The primary endpoints in VIPER were primary patency at one year and 30-day procedure-related major adverse events. There was one event (0.8%) leading to a surgical bypass after target lesion occlusion, but the device was markedly oversized in this case. At 12 months, duplex follow-up for 103 patients showed primary patency of 74%, assisted patency of 87% and secondary patency of 92%. The average lesion length was 19cm.

 

Saxon told delegates that the VIPER results support the conclusion that the Viabahn device with contoured edge and heparin bioactive surface exhibits improved patency in superficial femoral artery lesions relative to the previous device. He added that patency is independent of lesion length, with >20cm lesions showing similar patency to lesions 5–20cm. Importantly, when the instructions for use are followed, primary patency is remarkably high (>85%). He also noted that the 5mm device patency is equivalent to other sizes. “The results with the 5mm device are substantially improved with the heparin coating compared to previous results.”

 

“There are multiple options for superficial femoral artery intervention. If we treat the correct subset of patients with this newer stent graft, patency will be excellent, and re-interventions will be low. This is an excellent technique for long lesions, but we need adequate landing zones. We do need to measure, using quantitative angiography or intravascular ultrasould.
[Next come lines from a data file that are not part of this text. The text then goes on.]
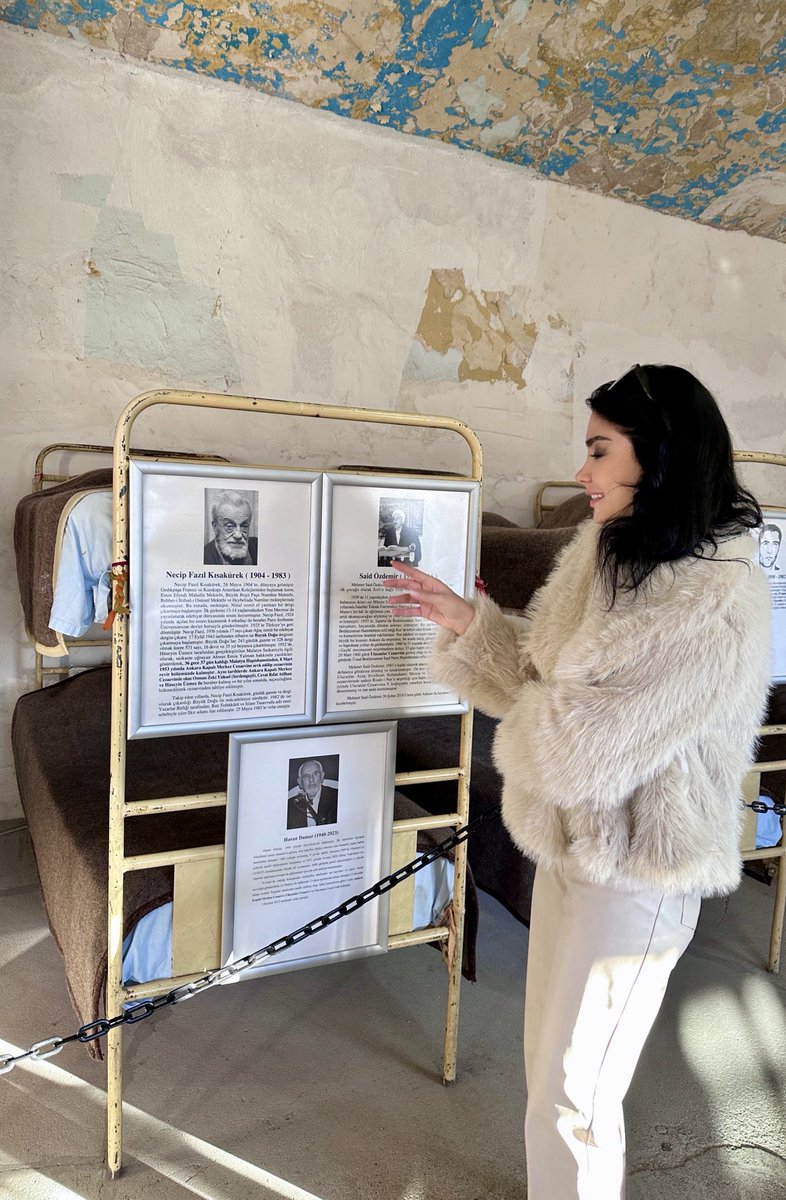 “Batıya özene özene özümüzü kaybettik.
Oysa biz batının hayranlıkla izlediği gıpta ettiği bir medeniyettik.”

Düşünce dünyamızın güneşi, büyük mütefekkir Necip Fâzıl Kısakürek ‘i vefatının yıl dönümünde rahmetle yâd ediyorum. 🌹

📍Ulucanlar Cezaevi Müzesi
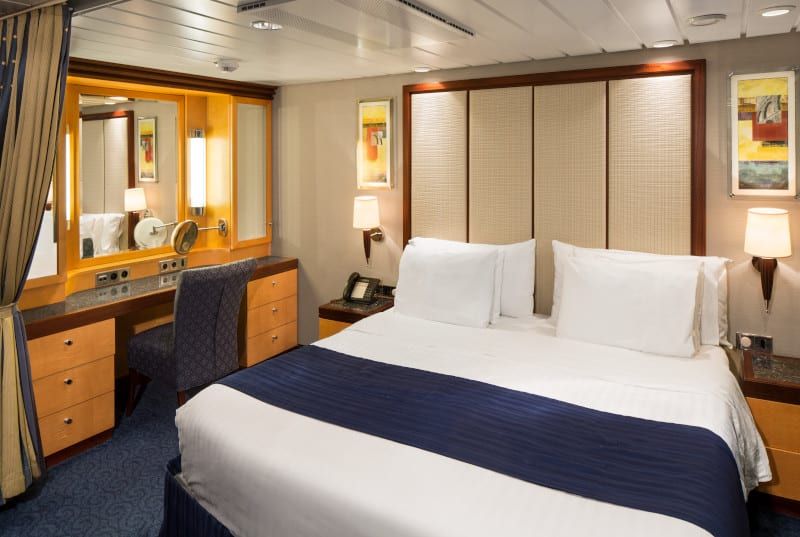 Freedom of the Seas Grand Suite - 1 Bedroom (GS) bedroom, photo 3 of 3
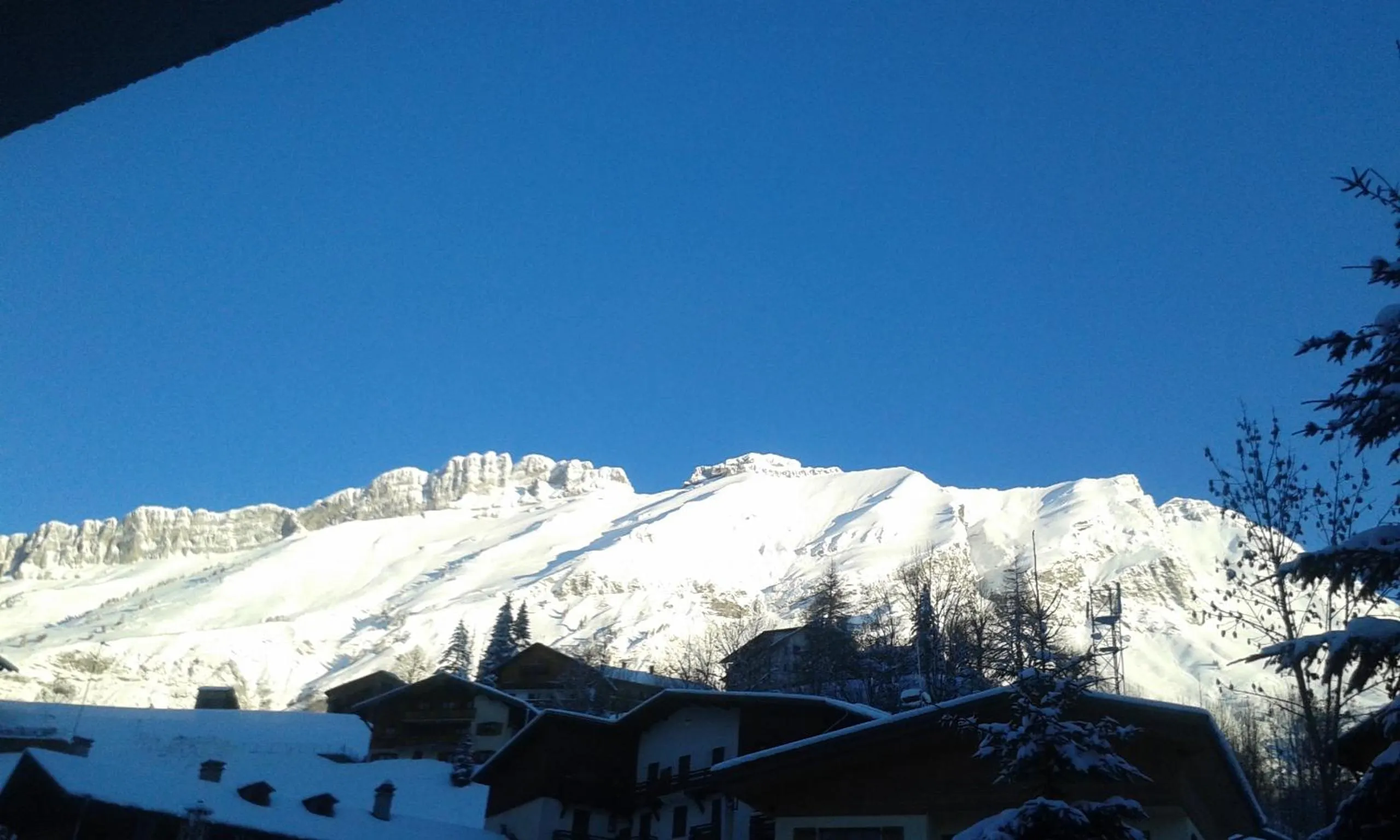 Mountain view in Hôtel Flor'Alpes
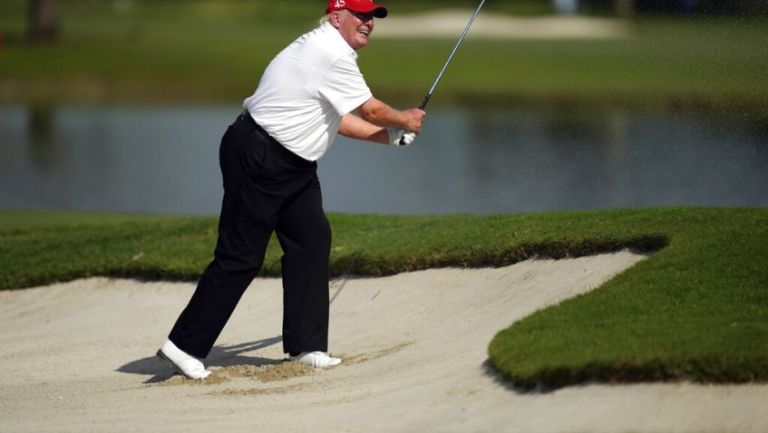 Trump hizo lucir sus movimientos de golf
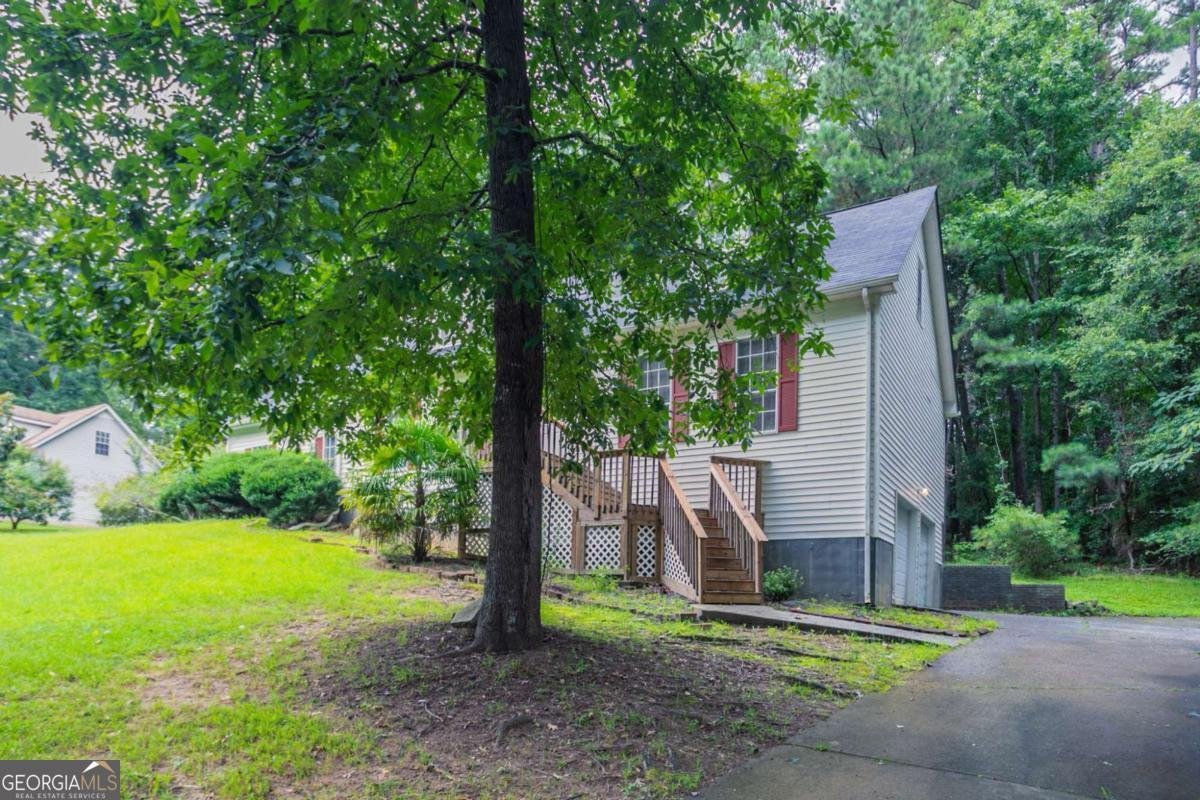 1286 Regal Heights Drive Lithonia - 3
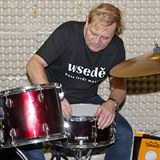 Petr tvrtnek je novm bubenkem kapely Wsed.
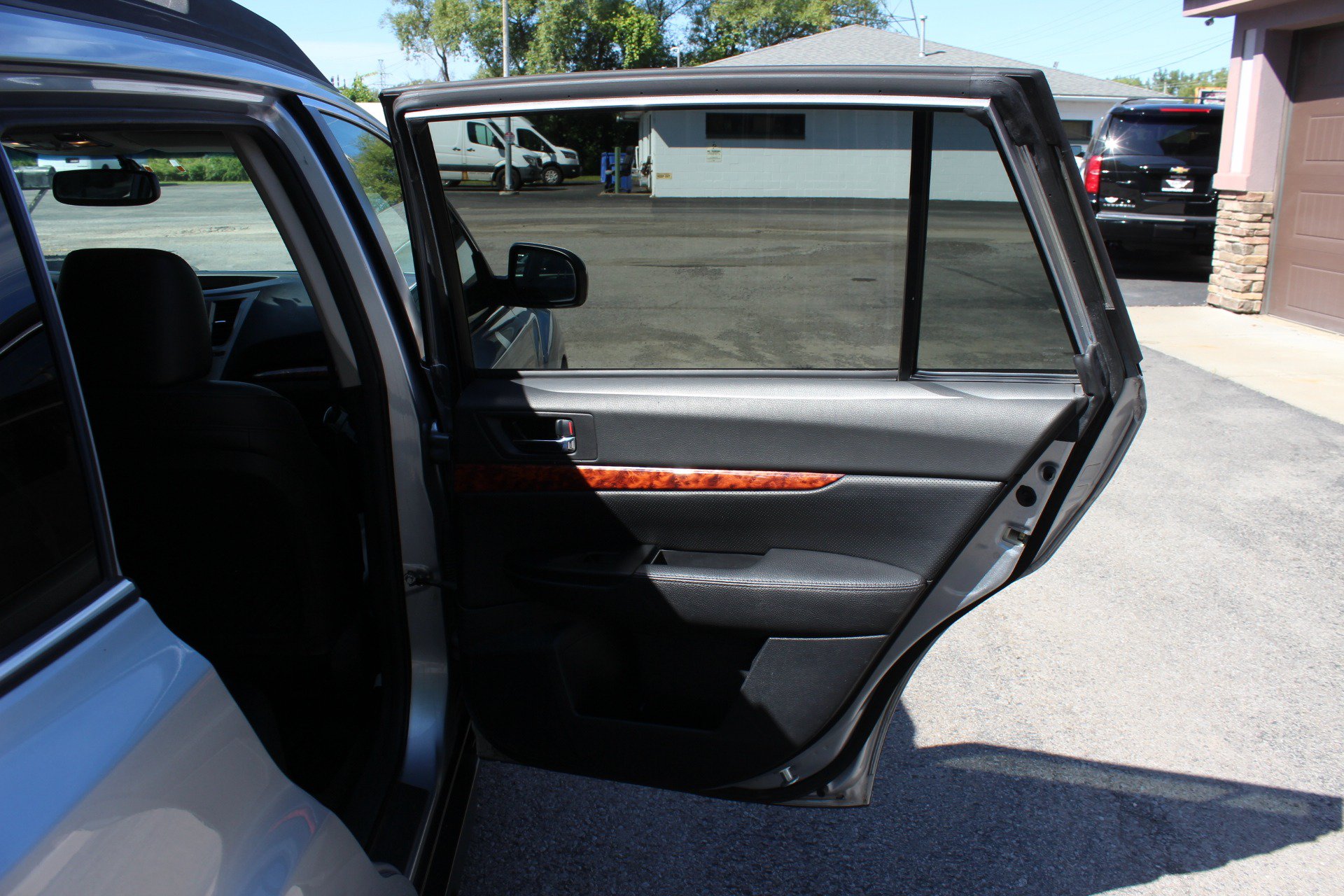 Used 2012 Subaru Outback 2.5i Limited w/ Moonroof Pkg AWD/4WD image 36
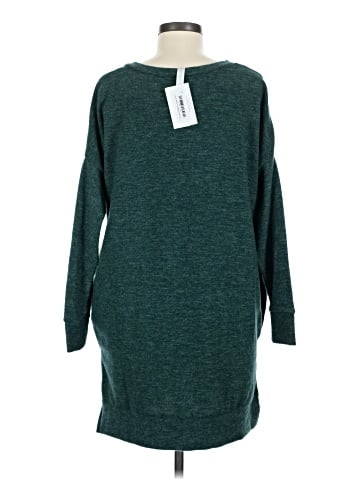 Zenana Outfitters Pullover Sweater (view 2)
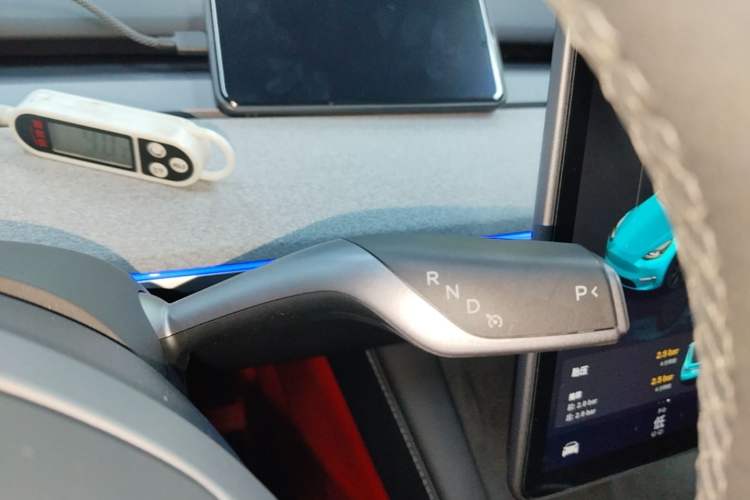 Used Tesla Model Y 2024 Rear-Wheel-Drive Version Gear Lever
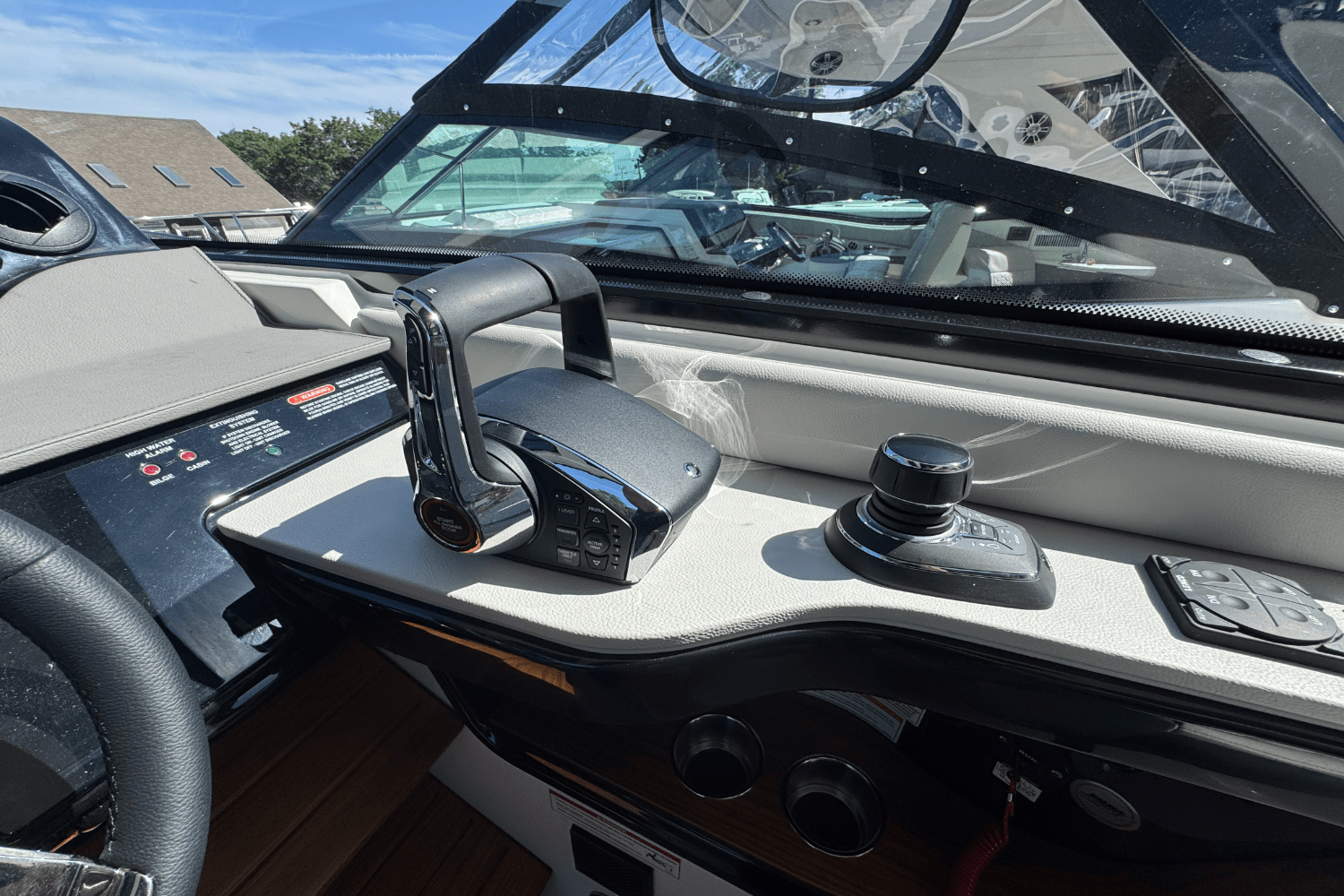 Slide: The Image of Sea Ray Sundancer 370 Outboard 2025 - 16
Your ‘eyeball’ is just not good enough.”

 

He told Vascular News: “I believe the 12-month results of VIPER as well as the results of many of the other trials presented recently give the interventionalist a lot more information on how to achieve better, more durable results in the superficial femoral artery. It is now incumbent on us as physicians to take the time to develop an understanding of how to best treat different subsets of patients differently. It is no longer a ‘dealer’s choice’ situation in which there is no data, so you can argue for whatever technique you feel like using on a given day. Now we have to take the time to analyse the patient’s anatomy carefully and treat the patient based on the data available.”

 

In order to improve the clinical results with endovascular approach in the superficial femoral artery, physicians must follow the instruction for use, Saxon said.

 

“If one uses quantitative means to size a vessel such as intravascular ultrasound or quantitative angiography and is careful to not oversize the endoprosthesis too much (<20% according to the instruction for use, I think ideally <10%) then, according to VIPER, one gets results that are over 20% better than if you do not follow these guidelines. The 5mm diameter results were far better than before, so people should no longer try to put 6mm devices in vessels <5mm in diameter, as their results will be worse. The industry can spend a lot of money to improve their devices enough to get 20% better patency at a year, all we interventionalists need to do is to be more rigorous about our technique. I think that is the key challenge now. We need to educate everyone on these results and more rigorously tailor our approach to the superficial femoral artery based on the anatomy we are treating.”